Lasso.jl icon indicating copy to clipboard operation
Lasso.jl copied to clipboard

Lasso.jl for big-ish data

Open CorySimon opened this issue 8 years ago • 2 comments

My entire design matrix cannot fit in memory. Much like SGDRegressor.partial_fit() in scikit-learn (see here), can I use Lasso.jl to fit in epochs, feeding batches of data at a time? I realize that this will likely not converge to the same parameters as if the data could all fit in memory.

Maybe one way to train in batches would be to modify criterion in fit() to stop after a certain number of iterations?

CorySimon avatar Mar 03 '17 22:03 CorySimon

Did you solve your problem? I do not know if this helps, as it has been quite sometime. But you can parallelize using ADMM. You refit Lasso on parts of the data iteratively.

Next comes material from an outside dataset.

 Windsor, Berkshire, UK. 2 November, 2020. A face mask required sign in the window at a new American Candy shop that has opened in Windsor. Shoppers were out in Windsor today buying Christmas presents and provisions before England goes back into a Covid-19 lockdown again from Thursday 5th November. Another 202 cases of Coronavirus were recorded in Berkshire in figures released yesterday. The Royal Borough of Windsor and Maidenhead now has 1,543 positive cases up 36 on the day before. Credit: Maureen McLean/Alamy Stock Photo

rakeshvar avatar Jul 16 '18 00:07 rakeshvar

Here's an implementation of ADMM to get you started in case you still need. https://github.com/baggepinnen/LPVSpectral.jl/blob/724561469a483aa1ffae6fa76b73c67ed2becce7/src/lasso.jl#L118

The functions above specify the prox operators that are inputs to ADMM to solve the LASSO problem

Used like this

using LPVSpectral, ProximalOperators
A = randn(70,100);
x = randn(100) .* (rand(100) .< 0.05);
y = A*x;
proxF = LeastSquares(A,y)
xh,zh = LPVSpectral.ADMM(randn(100), proxF, NormL1(3))
[x zh]

baggepinnen avatar Feb 19 '20 04:02 baggepinnen